-- Data segment --
+-------+
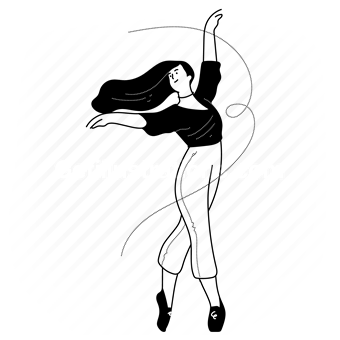 motion, movement, dance, ballet, pose, twirl, woman, people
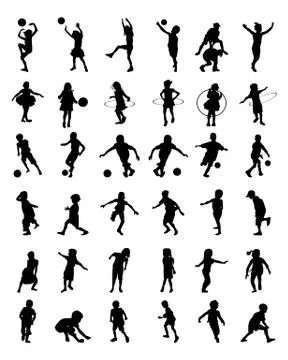 Silhouettes of children Stock Illustration
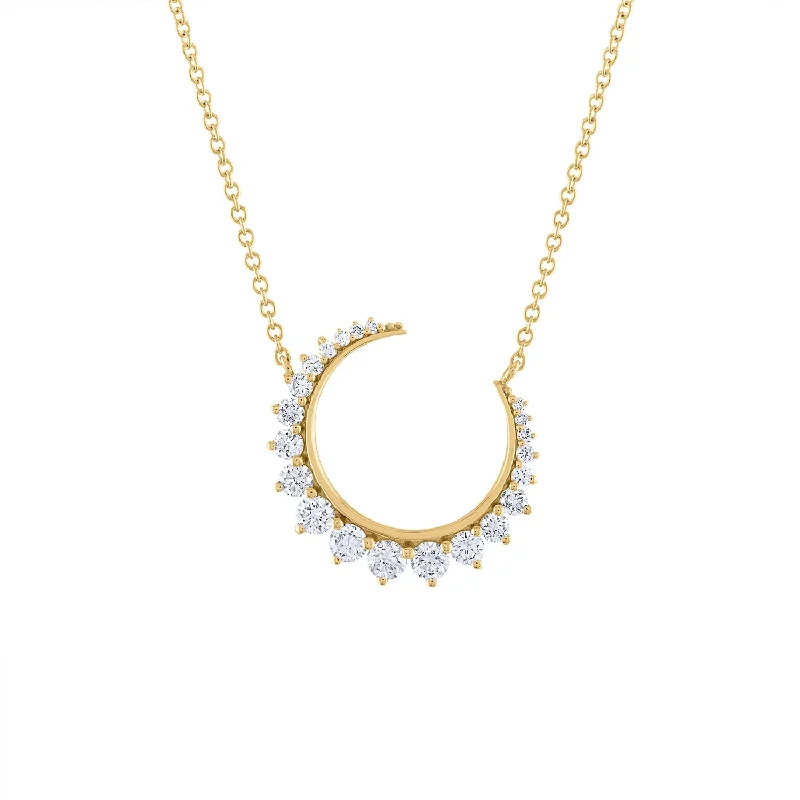 High-Quality Silver Necklace-14KT GOLD DIAMOND CRESCENT NECKLACE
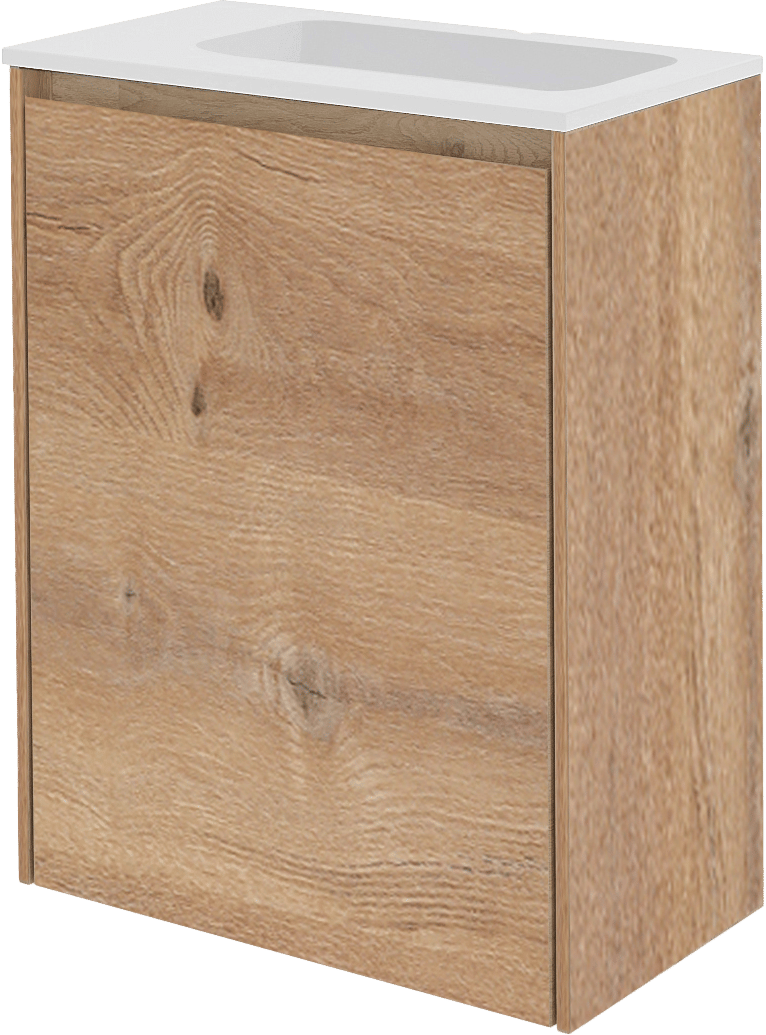 Storke Edge meuble wc suspendu 40 x 22 cm chêne brut avec Fina lavabo en Solid Surface mat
+-------+
-- Work instructions --
The required output consists only of the lines from the one containing "High-Quality Silver Necklace-14KT" to the last line of the material, reproduced exactly, pictures excluded.

-- Written reply --
 High-Quality Silver Necklace-14KT GOLD DIAMOND CRESCENT NECKLACE
 Storke Edge meuble wc suspendu 40 x 22 cm chêne brut avec Fina lavabo en Solid Surface mat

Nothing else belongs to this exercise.